··· The data ···
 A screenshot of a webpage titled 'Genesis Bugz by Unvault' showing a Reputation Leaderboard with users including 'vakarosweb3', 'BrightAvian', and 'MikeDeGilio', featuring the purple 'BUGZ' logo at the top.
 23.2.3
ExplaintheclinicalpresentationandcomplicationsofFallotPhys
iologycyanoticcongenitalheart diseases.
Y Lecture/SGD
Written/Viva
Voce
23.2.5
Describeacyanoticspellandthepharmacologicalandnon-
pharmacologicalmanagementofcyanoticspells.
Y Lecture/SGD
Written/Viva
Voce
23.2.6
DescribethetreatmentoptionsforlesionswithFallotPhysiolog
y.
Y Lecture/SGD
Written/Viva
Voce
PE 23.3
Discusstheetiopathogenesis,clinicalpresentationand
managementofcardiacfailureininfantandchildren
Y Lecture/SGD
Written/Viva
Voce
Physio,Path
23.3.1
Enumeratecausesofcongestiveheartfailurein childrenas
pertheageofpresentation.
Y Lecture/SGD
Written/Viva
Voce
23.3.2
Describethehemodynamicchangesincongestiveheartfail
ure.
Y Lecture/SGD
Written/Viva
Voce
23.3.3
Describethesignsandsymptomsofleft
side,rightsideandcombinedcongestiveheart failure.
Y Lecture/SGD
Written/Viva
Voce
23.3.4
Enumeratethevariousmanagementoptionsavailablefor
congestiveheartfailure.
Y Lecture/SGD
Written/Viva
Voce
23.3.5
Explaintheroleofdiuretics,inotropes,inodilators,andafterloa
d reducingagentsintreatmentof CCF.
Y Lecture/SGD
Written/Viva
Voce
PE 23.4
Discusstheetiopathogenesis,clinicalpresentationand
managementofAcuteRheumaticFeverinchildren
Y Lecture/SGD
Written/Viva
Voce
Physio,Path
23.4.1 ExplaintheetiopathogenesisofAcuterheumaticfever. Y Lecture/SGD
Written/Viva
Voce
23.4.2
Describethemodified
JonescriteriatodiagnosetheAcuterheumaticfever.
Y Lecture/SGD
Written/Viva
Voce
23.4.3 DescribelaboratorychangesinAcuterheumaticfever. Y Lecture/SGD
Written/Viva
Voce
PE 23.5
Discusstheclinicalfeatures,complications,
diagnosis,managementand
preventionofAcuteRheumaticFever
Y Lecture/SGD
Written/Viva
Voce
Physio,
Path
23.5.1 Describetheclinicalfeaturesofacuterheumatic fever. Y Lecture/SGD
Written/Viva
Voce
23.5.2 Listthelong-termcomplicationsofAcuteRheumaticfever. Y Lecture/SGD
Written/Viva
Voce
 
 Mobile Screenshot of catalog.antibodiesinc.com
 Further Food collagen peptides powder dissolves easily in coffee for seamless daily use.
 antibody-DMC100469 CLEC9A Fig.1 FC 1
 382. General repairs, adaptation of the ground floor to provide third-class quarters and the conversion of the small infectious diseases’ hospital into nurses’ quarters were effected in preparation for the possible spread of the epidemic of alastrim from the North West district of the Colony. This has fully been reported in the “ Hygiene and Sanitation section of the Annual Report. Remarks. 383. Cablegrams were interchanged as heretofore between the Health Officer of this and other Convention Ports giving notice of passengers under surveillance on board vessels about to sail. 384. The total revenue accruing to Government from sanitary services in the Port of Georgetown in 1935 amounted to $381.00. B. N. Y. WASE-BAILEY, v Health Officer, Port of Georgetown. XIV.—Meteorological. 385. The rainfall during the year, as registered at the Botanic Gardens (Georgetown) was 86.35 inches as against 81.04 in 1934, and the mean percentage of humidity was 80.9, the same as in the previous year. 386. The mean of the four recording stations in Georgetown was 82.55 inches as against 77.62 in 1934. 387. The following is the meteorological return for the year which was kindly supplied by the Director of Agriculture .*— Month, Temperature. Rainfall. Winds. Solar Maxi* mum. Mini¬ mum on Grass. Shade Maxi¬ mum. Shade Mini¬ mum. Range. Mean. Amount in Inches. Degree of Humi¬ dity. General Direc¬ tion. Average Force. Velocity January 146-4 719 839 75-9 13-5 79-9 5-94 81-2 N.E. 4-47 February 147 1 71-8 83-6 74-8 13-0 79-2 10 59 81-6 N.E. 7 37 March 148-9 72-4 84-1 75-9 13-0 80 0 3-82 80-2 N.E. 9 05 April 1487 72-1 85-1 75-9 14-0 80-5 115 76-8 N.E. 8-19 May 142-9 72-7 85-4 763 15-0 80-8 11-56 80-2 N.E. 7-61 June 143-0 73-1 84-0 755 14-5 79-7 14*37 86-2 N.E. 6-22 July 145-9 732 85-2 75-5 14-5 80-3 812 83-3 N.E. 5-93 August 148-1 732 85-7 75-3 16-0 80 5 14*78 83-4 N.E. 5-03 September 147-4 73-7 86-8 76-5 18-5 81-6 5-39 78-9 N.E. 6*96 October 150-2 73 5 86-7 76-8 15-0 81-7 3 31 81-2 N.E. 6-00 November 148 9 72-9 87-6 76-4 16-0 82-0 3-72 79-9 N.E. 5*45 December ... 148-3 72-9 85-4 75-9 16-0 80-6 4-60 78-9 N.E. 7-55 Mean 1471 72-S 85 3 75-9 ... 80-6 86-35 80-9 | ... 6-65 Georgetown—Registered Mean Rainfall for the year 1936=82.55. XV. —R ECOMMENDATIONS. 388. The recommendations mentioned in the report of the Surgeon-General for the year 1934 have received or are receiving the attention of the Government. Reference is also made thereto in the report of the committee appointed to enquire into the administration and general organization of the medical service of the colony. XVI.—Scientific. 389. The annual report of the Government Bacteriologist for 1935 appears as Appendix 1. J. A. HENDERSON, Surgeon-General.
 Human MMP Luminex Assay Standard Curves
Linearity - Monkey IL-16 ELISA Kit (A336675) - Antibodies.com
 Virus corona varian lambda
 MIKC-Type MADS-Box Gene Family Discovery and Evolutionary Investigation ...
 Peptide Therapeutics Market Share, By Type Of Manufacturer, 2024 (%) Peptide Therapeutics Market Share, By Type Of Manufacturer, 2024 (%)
···
Find how many lines of the records hold the string "Type", then give that number by itself.

• [Answer for this exercise] 2